Ricas, diversas y alternantes, aun en compacta pertenencia a un estilo inequívoco, las pinturas de Mitsuo Miura responden a las ideas primordiales de orden y vibración. Dijérase que cada uno de sus cuadros acata, sin sobresaltos, una ordenación general en la que bullen, rebullen y se multiplican infinitas vibraciones, pulsiones y acentos de individualidad tan señalada y confusión tan homogénea como arenas tiene el mar (valga la imagen bíblica) o estrellas el firmamento: átomos y destellos que, nacidos de una materia común o conformadores de su ambigua densidad y consistencia, obedecen, en plena algarabía, a un principio ordenador, a una medida sistemática, hasta integrarse y quedar definidos como un gran conjunto armónico, como un cosmos, en su más recta acepción etimológica. El arte de Mitsuo Miura nos pone en contacto con una visión oriental del universo, no sabemos si asimilada en su origen genuino o si reencontrada en los más felices ejemplos que de su influjo acertaron a plasmar los mejores maestros del arte contemporáneo de Occidente. Mitsuo Miura es, en efecto, un pintor japonés, pero aclimatado desde largo tiempo (hace más de nueve años que reside entre nosotros) a la vida, a la costumbre y a la expresión plástica de Europa y América. Y tal vez de ello provenga la ambivalencia de su quehacer tal como de inmediato adviene a los ojos del contemplador: el feliz maridaje entre las fuentes originarias y la enseñanza magistral de quienes también bebieron en ellas (Tobey y Pollock, Rothko y Newman ... ) y con los que nuestro hombre guarda, sin mengua de su personalidad, un ostensible parentesco.
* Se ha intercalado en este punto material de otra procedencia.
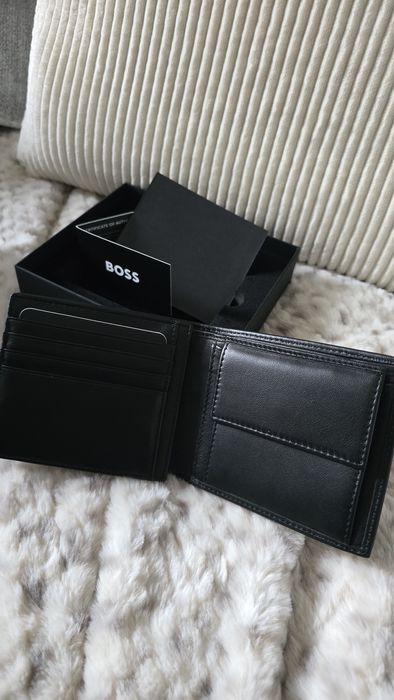 HUGO BOSS HLN403A - Portfel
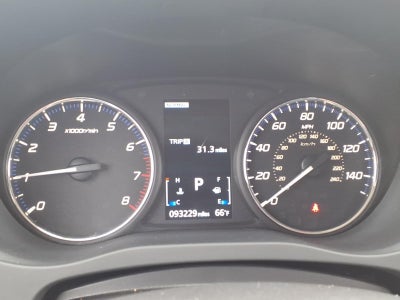 2017 Mitsubishi Outlander SE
En la pintura de Mitsuo Miura se patentiza, en cualquiera de los casos, un intento vigoroso de disipar el antagonismo entre la individualidad y la generalidad, entre la naturaleza y el hombre. Sin dejar de comulgar con la materia de su pertenencia recíproca, cada una de las pulsiones (como los singulares matices de las arenas del mar) quiere poner de relieve su propia incidencia, y cada uno de los destellos (como el signo peculiar de tantas y tantas estrellas en la redondez de la noche) pugna por dejar esclarecido su nombre. Todo ello presidido por ese principio de ordenación que concierta y unifica el aluvión de infinitas vibraciones.

Mitsuo Miura nos presenta un verdadero paradigma en el que resplandece el equilibrio entre lo que los chinos llaman Li y nosotros orden, y lo que ellos denominan Chi y nosotros vibración. A veces, aquél es el sustrato (algo así como un sistema de coordenadas cartesianas latente en el fondo) y ésta la superficie (a manera de infinitos regueros impulsados a la brava). A veces se invierten los papeles y a la efusión indiscriminada de las vibraciones viene el orden a sobreponer su ley, merced al surco de una línea rigurosa, intransigente.